Baroness Farrington of Ribbleton: Amendment No. 270 seeks to extend the requirement to consult local authorities on the discontinuance of a network service. As drafted, it would have the effect of requiring TfL to consult any local authority which has within its area local services which are provided or procured, in whole or in part, by a London borough council or a London health authority. This requirement to consult would apply regardless of whether the discontinued route in question was within a local authority's area. So, if a local authority had local bus services run by local authorities or local health authorities within its area, it would be consulted on every proposal to discontinue to network a bus service in London.

Further, it is not clear what is meant by the term "local service". Local and health authorities have powers to provide or secure transport for certain specified groups, such as disabled people, with the exception of services using school buses which can be provided by LEAs. They cannot provide "local bus services" as defined in Clause 144 of the Bill.

Lord Brabazon of Tara: I am most grateful to the noble Baroness for her reply, which I shall obviously have to study in Hansard. However, I suspect that my questions have been answered. I beg leave to withdraw the amendment.

Amendment, by leave, withdrawn.

Clause 149, as amended, agreed to.

Clause 150 [London service permits]:

Baroness Hamwee moved Amendment No. 270A:

Page 80, line 3, leave out ("prepare and adopt") and insert ("consult the Assembly before preparing and adopting")

The noble Baroness said: In moving this amendment, I shall speak also to Amendments Nos. 27OB, 273FA, 273GA to 273GD and 273HA. The first of this group of amendments, which concerns London service permits, seeks to provide that the mayor shall consult the assembly "before preparing and adopting" the guidance document for considering applications for such permits.
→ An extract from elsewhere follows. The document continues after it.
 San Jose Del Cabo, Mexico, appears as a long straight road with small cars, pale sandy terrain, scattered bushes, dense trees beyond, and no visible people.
This is consistent with our continuing argument that this type of activity is not out of line with the assembly's scrutiny role in the terms that we have been discussing. However, I can probably anticipate the Minister's reply and shall not, therefore, spend any particular time on this amendment. The next amendment would provide that the mayor should consult the assembly before revising the guidance, and the same points apply.
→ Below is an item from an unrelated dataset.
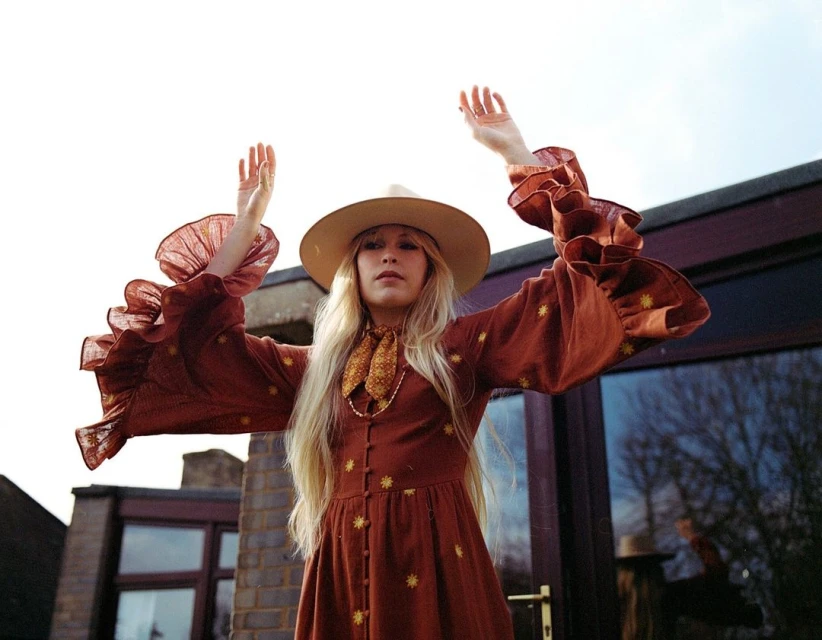 A blonde woman in a rust-colored dress with star patterns raises her arms in front of a window, wearing a hat and scarf.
One of the more important amendments in the group is Amendment No. 273FA, which relates to appeals against the refusal to issue a London service permit. If the mayor is a member of TfL, we consider that such appeals should be made elsewhere because of the potential conflict of interest. We suggest that these

1 Jul 1999 : Column 533

appeals be made to the assembly. The next four amendments are consequential. Amendment No. 273HA provides that the mayor shall not be a member of an appeal panel.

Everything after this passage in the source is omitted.